YOUR TASK:
Which of the lines in the data mention the string "Park"? List them all.

MATERIAL PROVIDED:

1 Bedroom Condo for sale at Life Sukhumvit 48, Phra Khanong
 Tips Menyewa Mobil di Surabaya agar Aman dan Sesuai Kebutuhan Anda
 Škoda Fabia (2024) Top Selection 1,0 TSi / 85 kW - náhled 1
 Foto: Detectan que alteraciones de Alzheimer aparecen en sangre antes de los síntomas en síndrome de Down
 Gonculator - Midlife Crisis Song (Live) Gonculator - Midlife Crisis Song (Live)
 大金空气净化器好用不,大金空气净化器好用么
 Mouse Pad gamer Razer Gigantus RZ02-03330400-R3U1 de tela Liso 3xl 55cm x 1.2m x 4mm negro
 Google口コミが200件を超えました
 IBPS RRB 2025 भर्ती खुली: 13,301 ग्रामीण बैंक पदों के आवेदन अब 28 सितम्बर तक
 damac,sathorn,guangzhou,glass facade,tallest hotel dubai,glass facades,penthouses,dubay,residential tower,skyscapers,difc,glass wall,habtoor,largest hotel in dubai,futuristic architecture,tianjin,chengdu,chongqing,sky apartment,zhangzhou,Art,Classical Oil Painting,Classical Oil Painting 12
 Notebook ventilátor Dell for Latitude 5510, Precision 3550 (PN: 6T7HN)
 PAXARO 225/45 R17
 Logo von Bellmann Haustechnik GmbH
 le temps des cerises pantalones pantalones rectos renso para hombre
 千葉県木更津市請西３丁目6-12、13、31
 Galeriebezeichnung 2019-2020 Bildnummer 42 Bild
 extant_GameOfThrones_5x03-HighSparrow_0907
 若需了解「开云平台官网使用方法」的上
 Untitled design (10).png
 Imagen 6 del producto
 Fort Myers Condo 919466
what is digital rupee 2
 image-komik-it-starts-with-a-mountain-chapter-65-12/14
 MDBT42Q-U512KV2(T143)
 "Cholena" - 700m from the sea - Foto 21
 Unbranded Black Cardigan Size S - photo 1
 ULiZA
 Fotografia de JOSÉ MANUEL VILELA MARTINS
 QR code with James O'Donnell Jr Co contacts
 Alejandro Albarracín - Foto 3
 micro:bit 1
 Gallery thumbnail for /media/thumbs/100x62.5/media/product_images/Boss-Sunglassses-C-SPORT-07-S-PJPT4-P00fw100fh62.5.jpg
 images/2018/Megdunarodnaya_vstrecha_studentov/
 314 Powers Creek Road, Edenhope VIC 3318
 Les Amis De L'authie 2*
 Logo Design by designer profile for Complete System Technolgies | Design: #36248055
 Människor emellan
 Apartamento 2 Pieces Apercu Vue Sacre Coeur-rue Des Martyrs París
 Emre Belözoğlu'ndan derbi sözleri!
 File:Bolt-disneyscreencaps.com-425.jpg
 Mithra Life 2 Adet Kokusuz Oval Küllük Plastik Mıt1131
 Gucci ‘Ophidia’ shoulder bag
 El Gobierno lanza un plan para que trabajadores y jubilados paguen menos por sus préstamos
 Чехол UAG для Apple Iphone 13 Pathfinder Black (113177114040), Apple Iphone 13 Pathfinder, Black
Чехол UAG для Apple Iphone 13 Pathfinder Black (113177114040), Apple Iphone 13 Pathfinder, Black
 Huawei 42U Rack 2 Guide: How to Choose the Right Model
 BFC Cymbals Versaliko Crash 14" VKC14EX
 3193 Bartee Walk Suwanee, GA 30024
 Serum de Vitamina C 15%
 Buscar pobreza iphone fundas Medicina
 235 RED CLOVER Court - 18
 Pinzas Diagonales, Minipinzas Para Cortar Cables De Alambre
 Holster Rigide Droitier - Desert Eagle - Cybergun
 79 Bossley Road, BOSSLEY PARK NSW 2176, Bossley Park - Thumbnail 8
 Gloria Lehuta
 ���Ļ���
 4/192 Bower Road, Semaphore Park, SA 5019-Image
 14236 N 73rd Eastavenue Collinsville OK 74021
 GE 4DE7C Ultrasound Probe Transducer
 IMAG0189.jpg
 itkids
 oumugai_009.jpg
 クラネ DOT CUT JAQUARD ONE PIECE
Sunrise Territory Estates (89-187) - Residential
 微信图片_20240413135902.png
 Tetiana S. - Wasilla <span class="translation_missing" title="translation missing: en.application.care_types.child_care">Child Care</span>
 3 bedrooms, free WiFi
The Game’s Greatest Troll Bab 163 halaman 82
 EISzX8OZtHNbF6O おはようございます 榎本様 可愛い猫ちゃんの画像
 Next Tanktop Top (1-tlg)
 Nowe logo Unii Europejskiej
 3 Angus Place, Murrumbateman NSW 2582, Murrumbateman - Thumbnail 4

YOUR SOLUTION:
 79 Bossley Road, BOSSLEY PARK NSW 2176, Bossley Park - Thumbnail 8
 4/192 Bower Road, Semaphore Park, SA 5019-Image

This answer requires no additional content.